Anyone who follows the America’s Cup likely has a headache the size of Texas and more than a few empty bottles of Aspirin kicking around the floor. And given the legal shenanigans involved, who wouldn’t? The good news is that it finally looks as though the Cup is on track to be raced in February at a venue that both parties can agree upon.

Astute Cup fans will baulk at this last sentence, as many publications, including SAIL, ran stories declaring the United Arab Emirates country of Ras Al Khaimah (RAK) to be the battleground chosen by Alinghi for their defense. Reportedly, the tiny nation next door to Iran has spent more than $120 million preparing for the Cup, building infrastructure and signing international deals.

Slight problem: While RAK’s intentions were undoubtedly good, they chose the wrong bedfellow, as Alinghi misinterpreted the Deed of Gift, the document that governs how the Cup must be raced. The Deed explicitly says that any Deed of Gift Challenge (DoG; a two-boat, best-of-three match race) that is to be contested in the winter months must take place in the Southern Hemisphere. In early November Justice Shirley Kornreich agreed with BMW/Oracle that Alinghi’s choice venue was outside of the Cup’s rules, and was therefore an unacceptable location for a February America’s Cup.

In May of 2008 Justice Cahn, then a New York Supreme Court judge, allowed that the Cup, which must be held this February according to the Deed of Gift, could also be raced in Valencia, Spain (home of the 32nd Defense), provided that both parties agreed to the venue. Justice Kornreich upheld Justice Cahn’s decision regarding Valencia, and handed the decision back to Alinghi and BMW/Oracle to sort out. After much speculation regarding the possibility of the east coast of Australia as the location (Alinghi wanted to hold it there), the two teams announced in mid November that the 33rd Cup will be contested in Valencia, Spain, this February.

It’s clear that this is a victory for Larry Ellison’s BMW/Oracle syndicate. Early speculation holds that since BMW/Oracle did not know the location of the match when designing their boat, they built a racing machine that could handle a wide range of conditions.
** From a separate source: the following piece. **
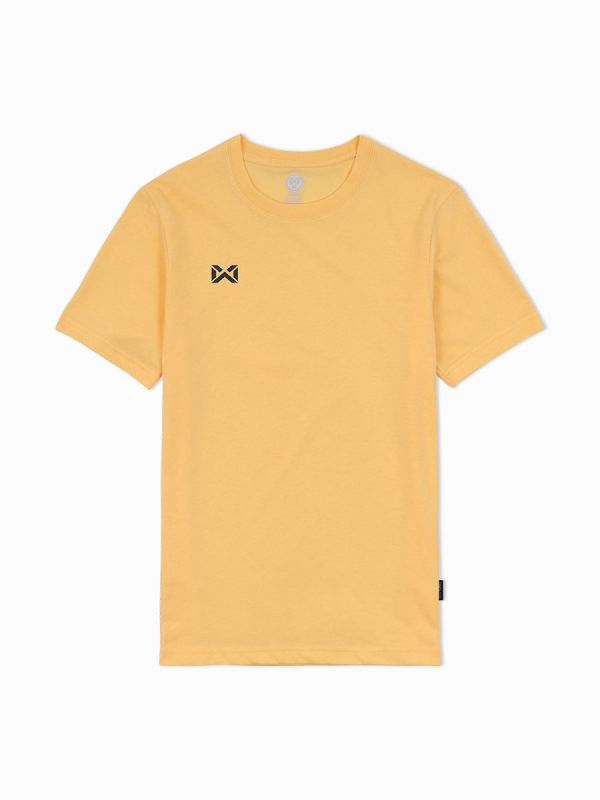 Warrix Basic 1 Normal Fit T-shirt - Logo Symbol Right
Alinghi’s designers, on the other hand, obviously planned for RAK and thus designed a light-air machine, as RAK historically does not see airs over about 8 – 10 knots in February.
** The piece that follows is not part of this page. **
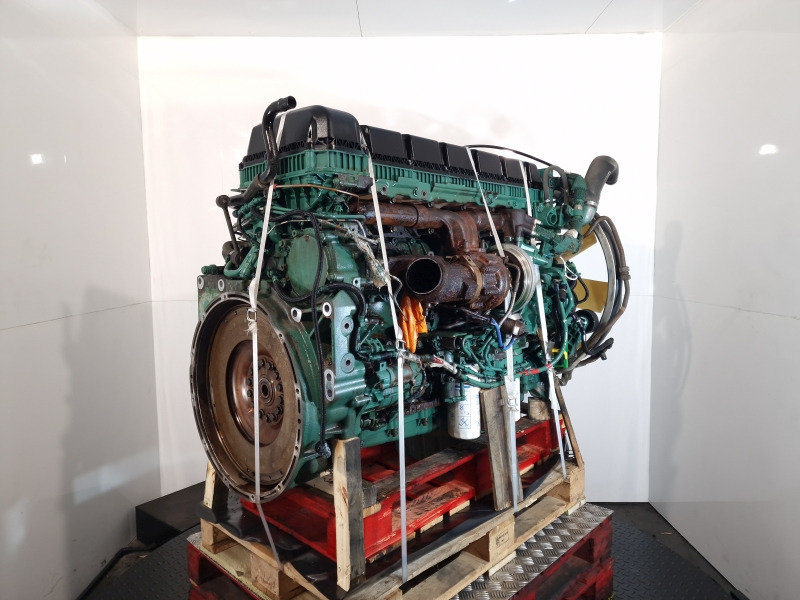 Volvo  D13K460 EUVI Engine (Truck) - Engine for Truck: picture 1 Volvo  D13K460 EUVI Engine (Truck) - Engine for Truck: picture 1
Valencia, however, is a different story.

And while it’s tempting to declare BMW/Oracle the outright winner of the last few months worth of AC bickering, they too lost some blood, but on the water, not the courtroom. Earlier this month BMW/Oracle lost its rig while sailing off San Diego. This was one of three masts that the team had been testing, each progressively bigger than the one before, with the now broken rig—estimated to cost some $10M including sails and rigging—the biggest of the lot.

Just days later BMW/Oracle released images of what waslikely the worst-kept secret in Cup circles in years: a wing sail. Wing master David Hubbard (yes, the same David Hubbard who brought us a hard wing sail in the last DoG match, in 1988) worked with BMW/Oracle as a consultant on this project. The new wing sail which is rumored to have taken 20,000 man-hours to build, looks impressive, , but the are some serious logistical hurdles, most notably stepping and unstepping the beast before and after each sailing day.

It’s rumored that Alinghi have also been working with top wing consultants for months, but BMW/Oracle now has the psychological advantage..

So, for any Cup fans who had bought airline tickets to RAK, it’s past time to call your travel agent and see if you can instead fly to Spain. While it’s not likely to be as warm on the water as RAK would have been, you can bet that the on-the-water battle will be heated. But the real question remains: Will the 33rd America’s Cup be a battle of multihulls that are powered by hard sails? If so, this is one for the record books… as well as the law books.